Opening
Elvis & Nixon (R) This dramatization of the real-life 1970 meeting between Richard Nixon (Kevin Spacey) and Elvis Presley (Michael Shannon) would have been better on stage. Elvis goes to the White House to ask for a federal badge to combat the scourge of communists, hippies, drug addicts, Black Panthers, and the Beatles. Spacey, always a fine impressionist, has Nixon’s mannerisms down, and Shannon gets the nicest moments in the script, like when Elvis remembers his dead twin brother as he awaits the meeting. Still, director Liza Johnson can’t find any larger meaning in this encounter, and Alex Pettyfer has way too much screen time as a boring member of Elvis’ entourage who needs to return to his family. Had these two actors done this live in a theater, this might have seemed more than the inconsequential bit that it is. Also with Johnny Knoxville, Colin Hanks, Evan Peters, Sky Ferreira, Tracy Letts, Ashley Benson, and Tate Donovan. (Opens Friday at AMC Grapevine Mills)
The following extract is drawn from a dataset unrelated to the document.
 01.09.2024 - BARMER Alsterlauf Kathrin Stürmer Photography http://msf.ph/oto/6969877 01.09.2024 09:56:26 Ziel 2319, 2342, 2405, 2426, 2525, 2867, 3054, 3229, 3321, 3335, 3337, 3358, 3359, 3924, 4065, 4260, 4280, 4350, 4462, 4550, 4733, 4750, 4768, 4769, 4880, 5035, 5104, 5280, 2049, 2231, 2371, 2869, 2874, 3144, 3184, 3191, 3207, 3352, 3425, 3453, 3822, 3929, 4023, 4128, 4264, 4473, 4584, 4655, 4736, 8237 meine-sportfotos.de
Born to Be Blue (R) Ethan Hawke stars in this bizarre biography of Chet Baker, as the heroin-addicted jazz trumpeter comes back from a savage beating that leaves him unable to play. Weirdly, there’s also a layer of metafiction as some of the scenes are staged as Baker portraying himself in a movie about his own life, with one actress (Carmen Ejogo) portraying all his wives and girlfriends. What writer-director Robert Budreau puts this in for is unclear. David Braid plays Baker’s solos on the soundtrack and does a reasonable impression of the great jazzman, but this movie meanders too much to say anything meaningful about its subject. Also with Callum Keith Rennie, Tony Nappo, Stephen McHattie, Janet-Laine Green, Dan Lett, Kevin Hanchard, and Kedar Brown. (Opens Friday at Premiere Cinemas Burleson)
Compadres (NR) This Mexican action-comedy stars Omar Chaparro as a cop who teams up with an American computer hacker (Joey Morgan) to gain revenge on a crime lord (Erick Elias). Also with Aislinn Derbez, Héctor Jímenez, Camila Sodi, Alejandra Guilmant, Kevin Pollak, and Eric Roberts. (Opens Friday)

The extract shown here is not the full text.